## TASK OBJECTIVE:
The answer should hold only the lines from the one containing "日本精選職人餐廚好物特輯 刀具 / 砧板 / 瀝水籃 / 密封罐 / 廚房小物" through the one containing "Fragrantica image 5" in the entries below, copied exactly, without pictures.

## SUPPLIED RECORDS:
BEGIN

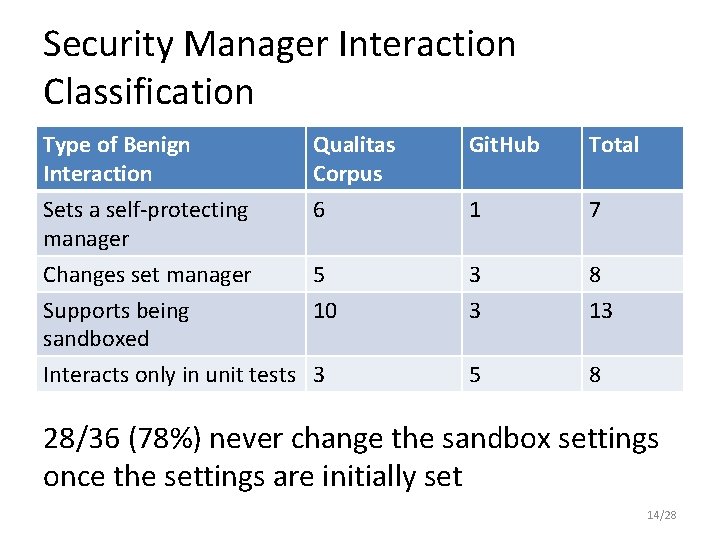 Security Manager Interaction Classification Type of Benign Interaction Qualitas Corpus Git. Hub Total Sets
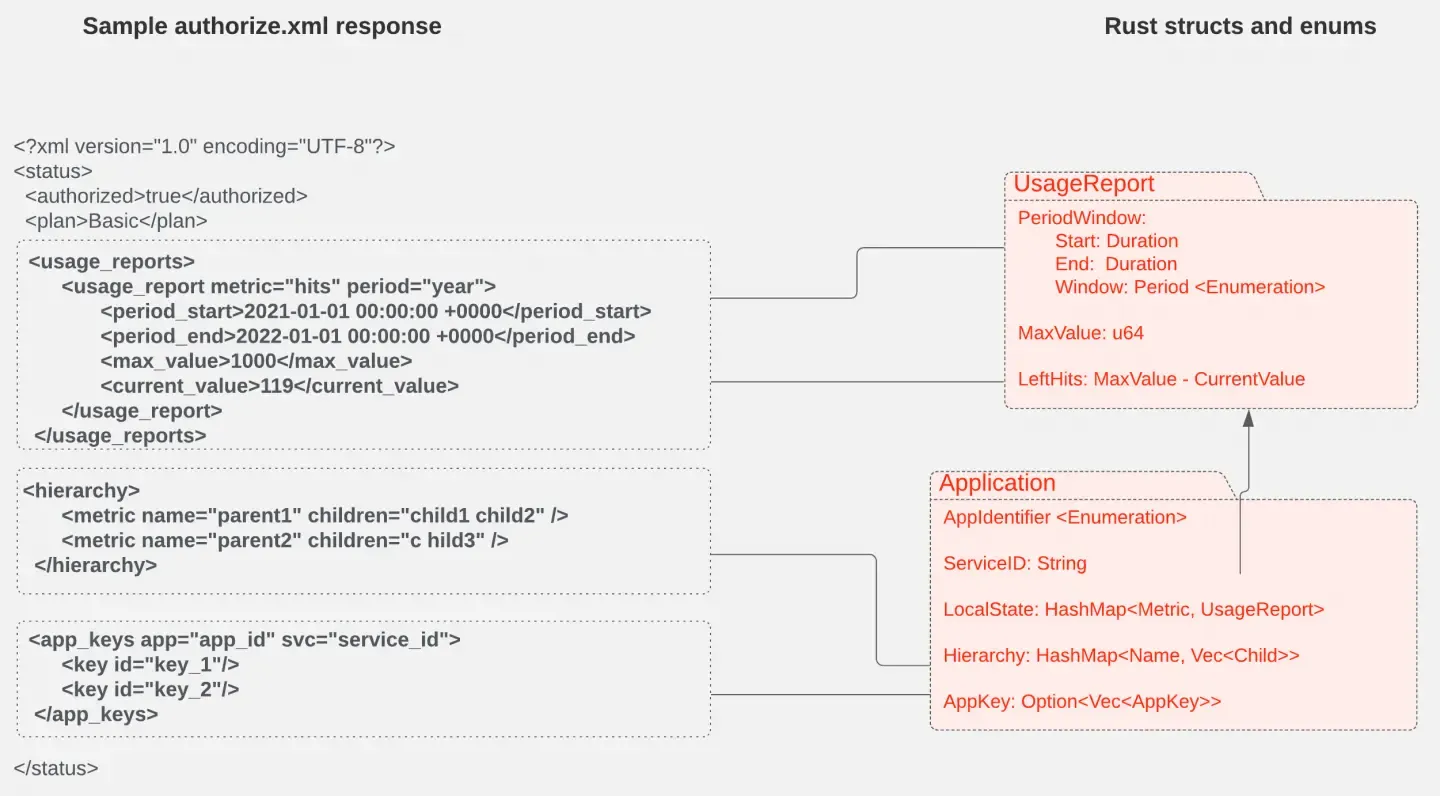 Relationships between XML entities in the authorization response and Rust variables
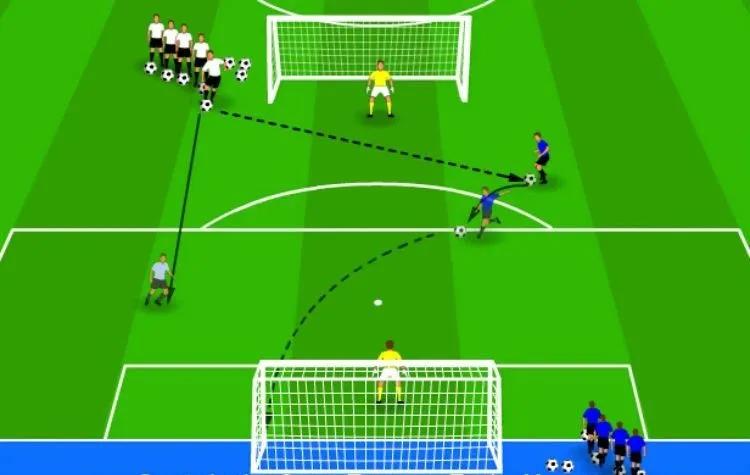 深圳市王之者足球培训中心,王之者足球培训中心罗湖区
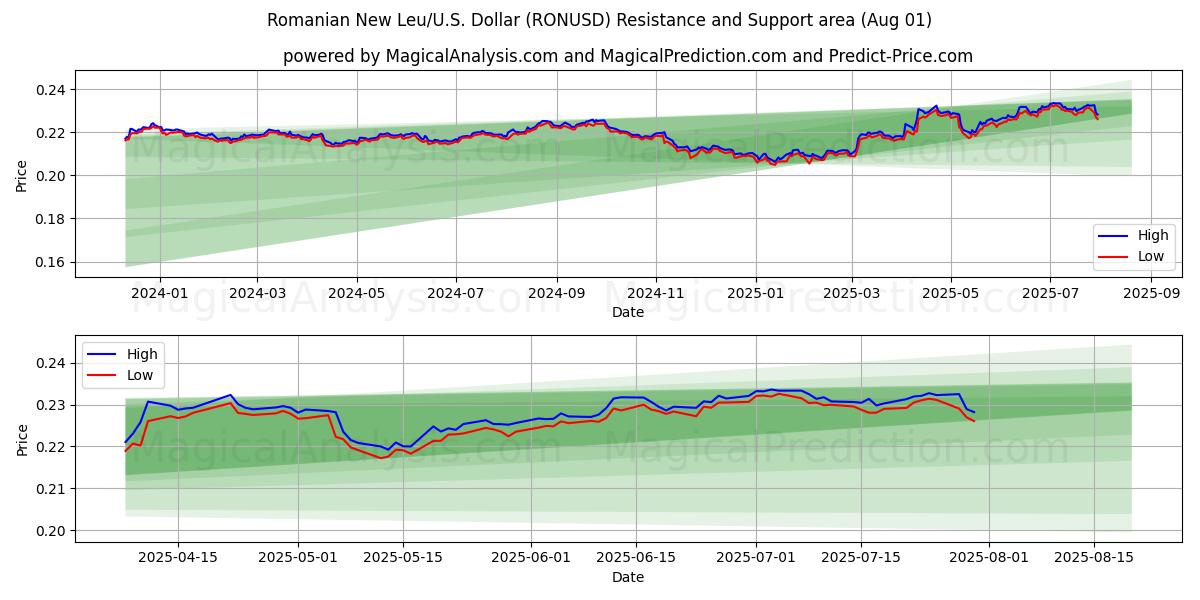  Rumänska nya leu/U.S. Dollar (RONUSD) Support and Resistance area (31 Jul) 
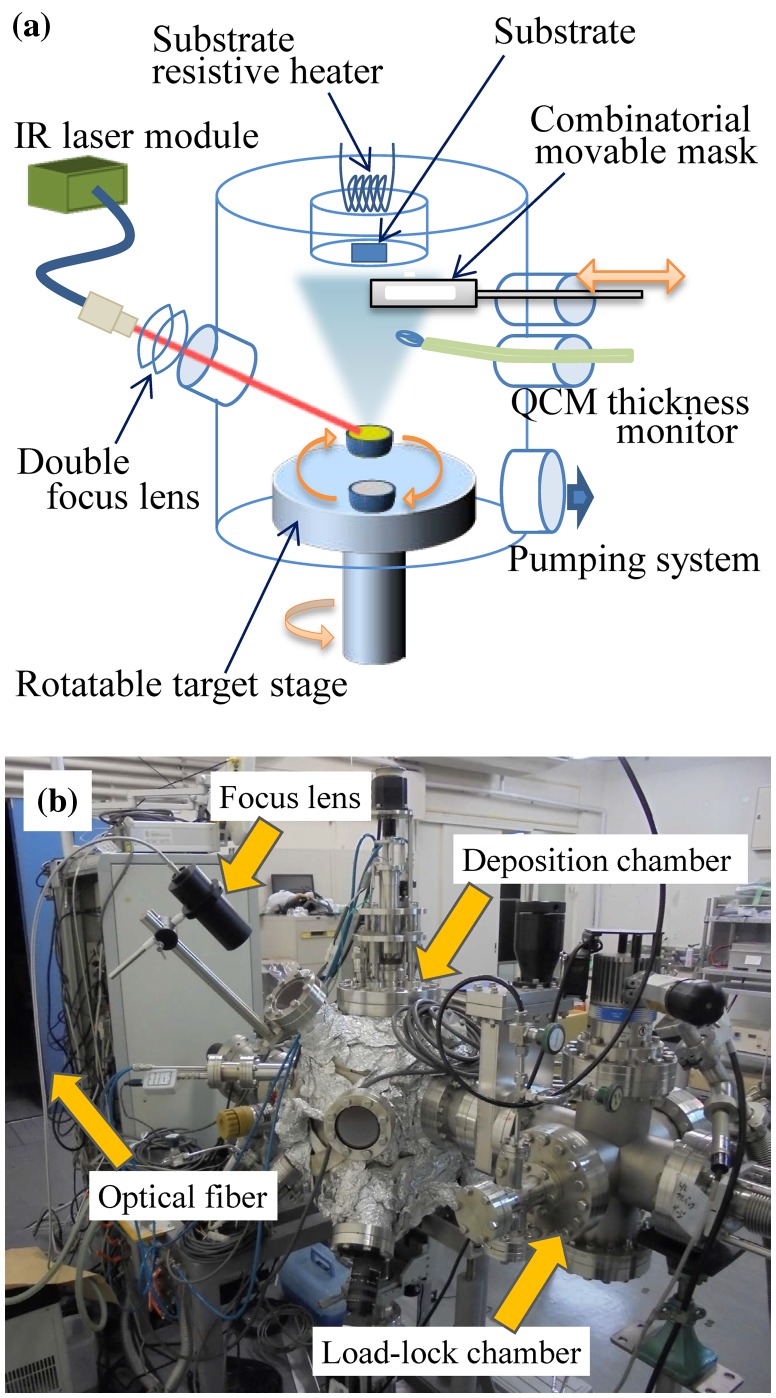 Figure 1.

END
BEGIN

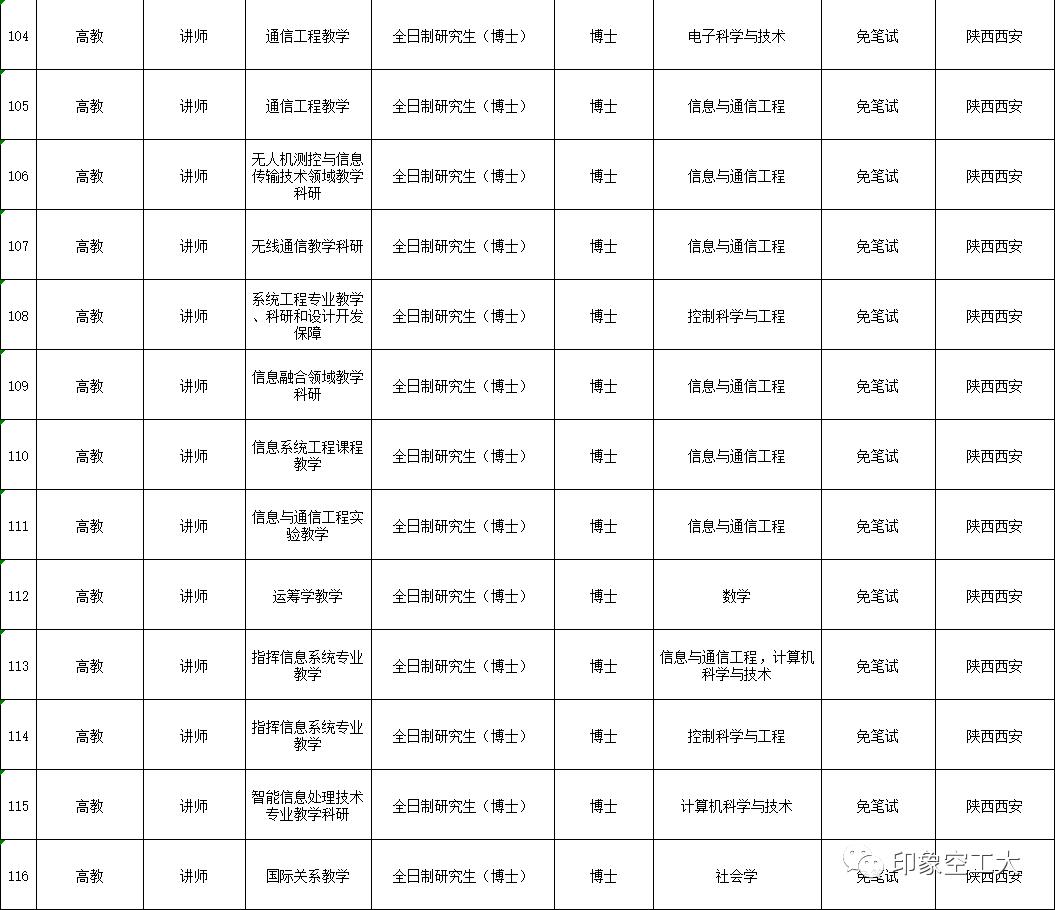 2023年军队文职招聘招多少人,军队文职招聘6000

END
BEGIN

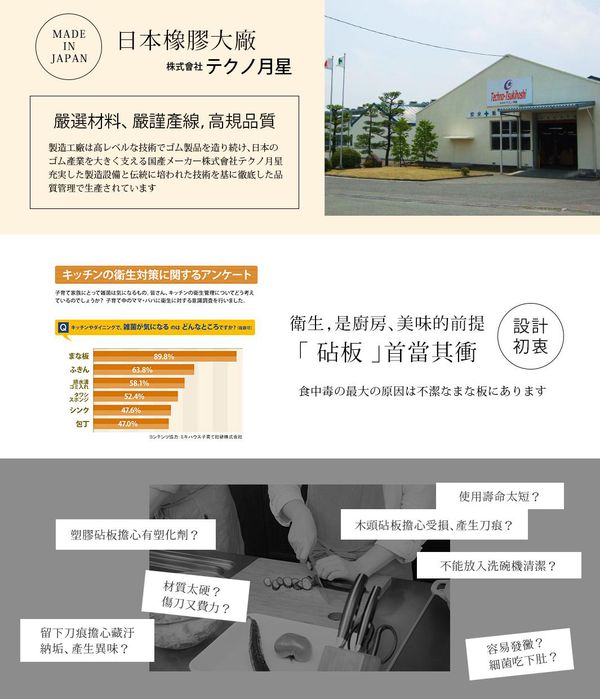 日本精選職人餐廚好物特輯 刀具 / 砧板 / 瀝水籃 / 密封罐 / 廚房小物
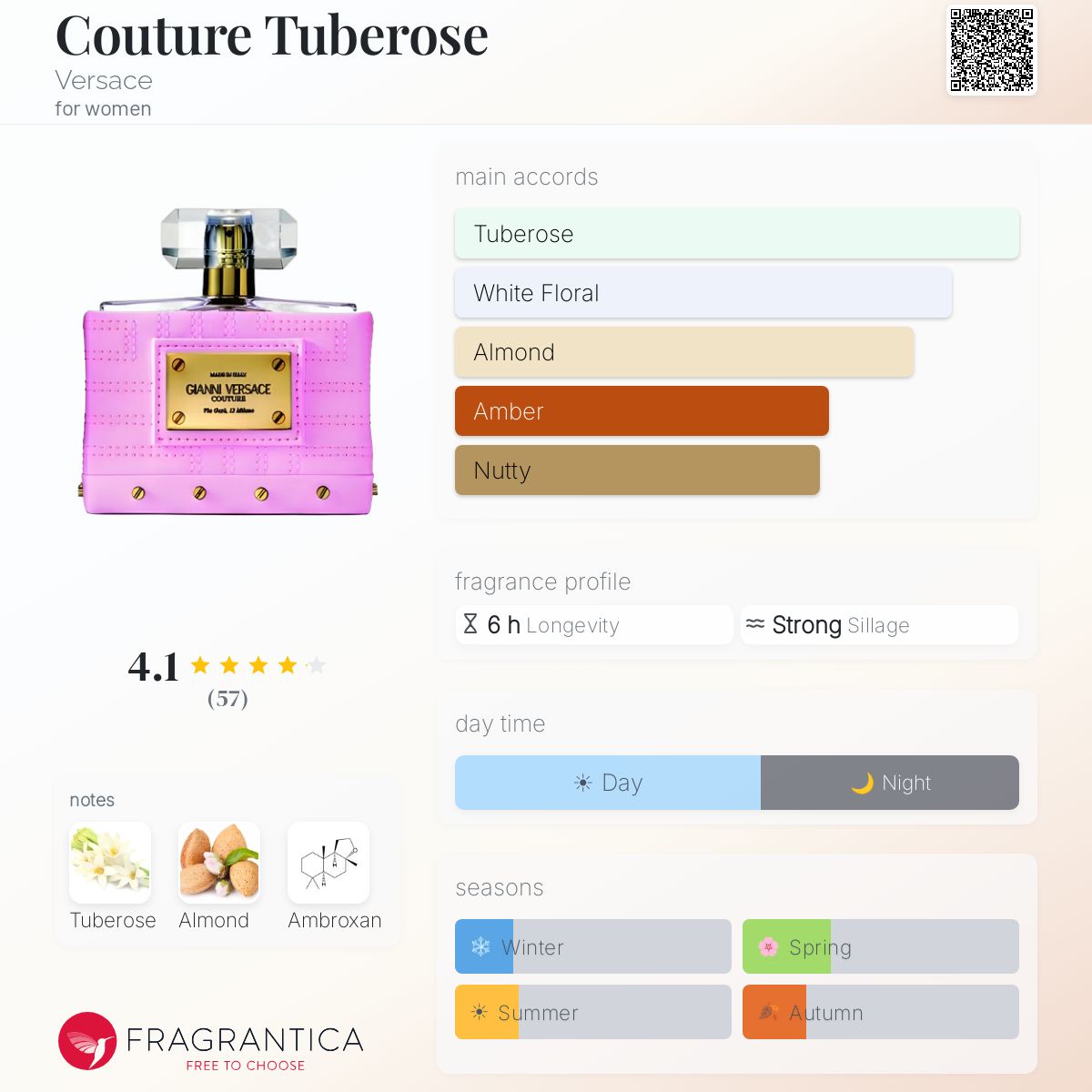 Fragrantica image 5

END

## FINAL ANSWER:
 日本精選職人餐廚好物特輯 刀具 / 砧板 / 瀝水籃 / 密封罐 / 廚房小物
 Fragrantica image 5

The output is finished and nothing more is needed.